Python – Preferred way to expand a command line script to be used as a library in Python

argparsepython

I have a useful Python script that I've been invoking from the command line. It has decent number of options, maybe 20, and it's not unusual to run the script with six or seven flags. Then the rest of the input comes via stdin.

Now I have some other Python code from which I'd like to call this useful little utility. Two options I can think of are:

  1. I can use subprocess.call and invoke my little script
  2. (A little better) I can cobble together a command line and then pass it as a list of strings to argparse
  3. I can totally refactor the program so that the entry point of my utility is Python function call and then have my command line utility just call this function. In principle this seems like the responsible thing to do, but it does leave my managing two separate interfaces to my function. For example, I have to decide whether I want to let argparse know the default values for my options or have the function know the defaults (or have two sets of defaults). Any validation I do using, say, ArgumentParser.add_mutually_exclusive_group will not apply when my tool is run as a library instead of a command line script.

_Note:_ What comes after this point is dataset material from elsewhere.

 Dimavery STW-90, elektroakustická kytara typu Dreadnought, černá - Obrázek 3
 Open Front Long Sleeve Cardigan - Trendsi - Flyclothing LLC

Is there a standard paradigm for creating a single interface in Python that is well-suited to being invoked both from Python and from the command line?

Best Answer

If there is not a good reason to not do so, I would definitely advocate a spin on option 3. As @jonsharp mentions, breaking up your utility into clean units of functionality is a good way to ensure testability. Even the smallest scripts can eventually morph into a much larger program and making sure that you have an extensible API sooner rather than later will alleviate much headache down the road.

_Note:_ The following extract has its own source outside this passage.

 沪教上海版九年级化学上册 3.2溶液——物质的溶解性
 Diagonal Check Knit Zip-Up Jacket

The way I'd approach this is:

  1. Break up your code into logical methods with clean and clear I/O
  2. Add unit tests. Having them is never a bad thing.
  3. Rather than using if __name__ == '__main__', create a main() (or similar) method containing your entry point
  4. Use setuptool's setup() function to define the script entry point in your setup.py file.

For example:

from setuptools import setup
setup(
    name='mypackage',
    version='0.1',
    entry_points={
        'console_scripts': [ 'myscript = mypackage.mymodule:main' ],
    }
)

Now, not only is all of your code (including main()) is easily unit testable, but you can still have your console entry point once you've done a python setup.py install|develop.

Any validation I do using, say, ArgumentParser.add_mutually_exclusive_group will not apply when my tool is run as a library instead of a command line script.

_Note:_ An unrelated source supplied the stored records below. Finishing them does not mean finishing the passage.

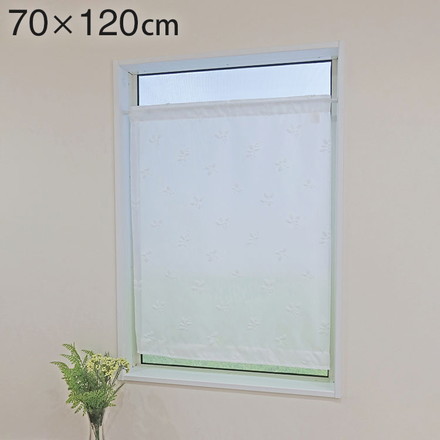 日本製 小窓レースカーテン 約巾70cm×丈120cm 小窓 出窓 カフェカーテン 遮熱 断熱 UVカット 目隠し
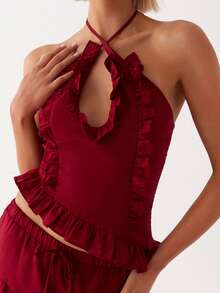 Women Ruffle Frill Halter Tops Sexy Cutout Backless Cami Tanks Asymmetrical Hem Y2K Slim Fit Cute Going Out Top - Màu Đỏ Sâu - Xem 4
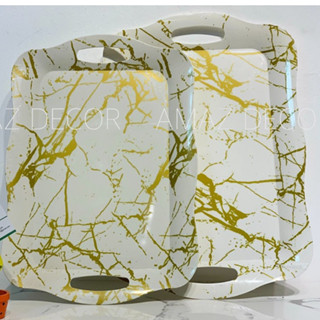 Khay nhựa vân đá đựng đồ cốc chén ly hoa quả bê đồ nhựa phíp chữ nhật có tay cầm họa tiết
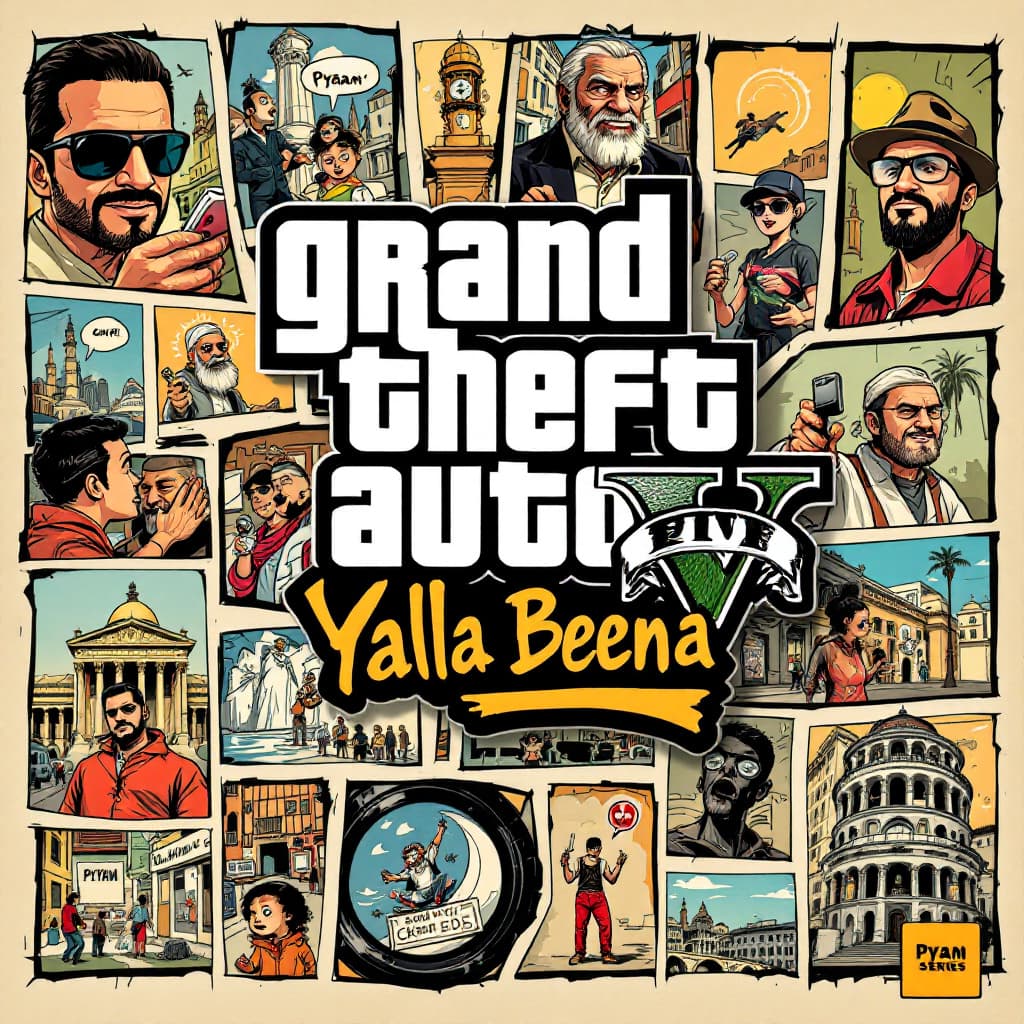 AI generated: A parody video game cover in the style of "Grand Theft Auto," titled Yalla Beena. The artwork featur...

Depending on how your API is designed, you may need to add some extra validation to input parameters, but that should likely be there to prevent unexpected input anyways.

Edit: The only time I would use generally use subprocess is when I'm calling into a non-Python application or another Python script that I don't own or have the time to refactor, but the latter only being as a last resort. Most well-written Python utilities will expose both command line utilities and internal API.